Feb 24 Claude Code Anniversary + Launches from: Qwen 3.5, Cursor Demos, Cognition Devin 2.2, Inception Mercury 2 Show details

news.smol.ai•7 days ago•View Original →

TL;DR: Claude Code Anniversary + Qwen 3.5, Cursor Demos, OpenAI GPT‑5.3 Codex, Inception Mercury 2

Major Highlights:

Qwen 3.5 bets on “more intelligence, less compute”
- Alibaba’s new medium series—Qwen3.5-Flash (hosted, 1M-context default, built-in tools), Qwen3.5-35B-A3B (MoE), Qwen3.5-122B-A10B (MoE), and Qwen3.5-27B (dense)—pushes architecture+data+RL over raw parameter scaling. Early users report 35B-A3B and 122B-A10B feel unusually strong, with “intelligence-per-watt” claims (35B surpassing a 235B predecessor).
- Rapid ecosystem support: GGUF and sizing from Unsloth, SGLang serving, and aggressive INT4 quant releases drive local and low‑bit enthusiasm.
Coding agents become the product surface (OpenAI + Anthropic)
- OpenAI shipped GPT‑5.3‑Codex to all developers via the Responses API, expanded direct file ingestion (docx/pptx/csv/xlsx, etc.), and highlighted web sockets as a throughput win (~30% faster rollouts). Third‑party boards show strong Codex 5.3 placements on TerminalBench/IOI/LiveCodeBench/VibeCodeBench. Pricing cited as $1.75 input / $14 output.
- Anthropic introduced Claude Code “Remote Control” so devs can start a local terminal session and continue from phone; also rolled out high‑engagement enterprise cowork/plugin customization updates.
Cursor pivots to “demos, not diffs”
- New UX has agents use the software they build and return video demos. Builders report practical gains from cloud VMs: async execution, self‑verification loops, and demo artifacts as deliverables—shifting review from code diffs to observed behavior.
Diffusion for language races on speed (Inception Mercury 2)
- Mercury 2, a “reasoning diffusion LLM,” emphasizes output speed (~1,000 tokens/s). While not frontier‑leading on intelligence, it posts solid agentic/coding results (Terminal‑Bench Hard, IFBench) and showcases architecture‑level parallel token refinement as a latency play.

Key Technical Details:

Qwen 3.5: Flash (1M context, tools), 35B‑A3B MoE, 122B‑A10B MoE, 27B dense; INT4 quant variants; SGLang + GGUF/Unsloth support. Qwen3.5‑397B‑A17B trended on HF and scored well in Code Arena’s webdev‑style agent evals.
OpenAI: GPT‑5.3‑Codex in Responses API; expanded file types; web sockets reported ~30% rollout speedup; pricing cited as $1.75 input / $14 output. Strong third‑party benchmark showings.
Inception Labs: Mercury 2 emphasizes speed (~1k tok/s) with competitive agentic/coding evaluations.
SWE‑bench Multilingual: 300 tasks across 9 languages; reported SOTA 72%. Highlights that rankings can invert outside English/Python.

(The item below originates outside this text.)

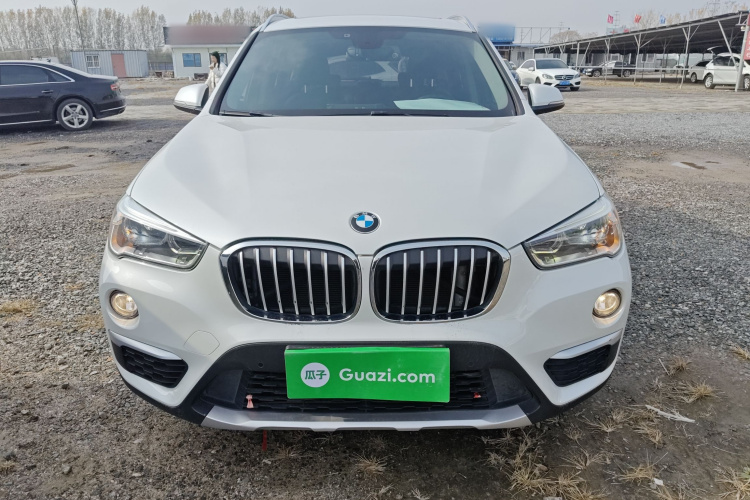 宝马X1 2019款 sDrive18Li 尊享型车身外观6001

Community Response/Impact:

Practitioners hail Qwen 35B‑A3B as a sweet spot for local and efficient deployment; ultra‑low‑bit quant workflows gain momentum.
Reliability and safety remain bottlenecks: a Princeton study quantifies a capability–reliability gap (12 dimensions, modest reliability gains), OpenClaw shows “routine‑step decomposition” can bypass safeguards, and research finds LLM‑generated AGENTS.md/context files often reduce success while raising costs.
Enterprise traction: Claude cowork/plugin updates and Remote Control resonate with team workflows and mobile development.

First Principles Analysis:

The center of gravity is moving from sheer scale to system engineering: MoE + quantization + serving stacks (web sockets, SGLang) and artifact‑driven UX (videos, terminals, files) compress verification loops and raise trust.
Diffusion‑style parallel refinement attacks the latency wall; 2026 competition likely optimizes latency and throughput as much as benchmark maxima.
Multilingual SWE evaluations expose data coverage gaps; winning agent stacks will hinge on non‑English code/data pipelines and robust, reliability‑first orchestration.